— EXERCISE DETAILS —
Reproduce verbatim the lines of the material below, starting at the line with "FLAVORIZ 375G" and ending at the line with "1981 Chevrolet Corvette", both inclusive; skip the rest.

== GIVEN DATA ==

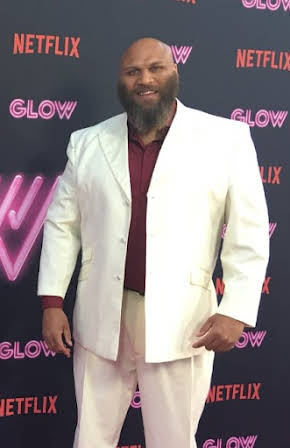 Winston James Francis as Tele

===
== GIVEN DATA ==

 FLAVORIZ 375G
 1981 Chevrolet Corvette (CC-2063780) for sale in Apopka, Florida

===
== GIVEN DATA ==

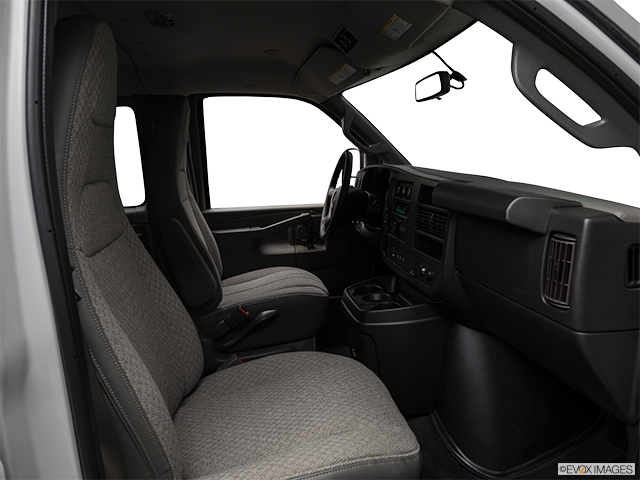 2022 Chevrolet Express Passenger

===

— FINISHED TASK —
 FLAVORIZ 375G
 1981 Chevrolet Corvette (CC-2063780) for sale in Apopka, Florida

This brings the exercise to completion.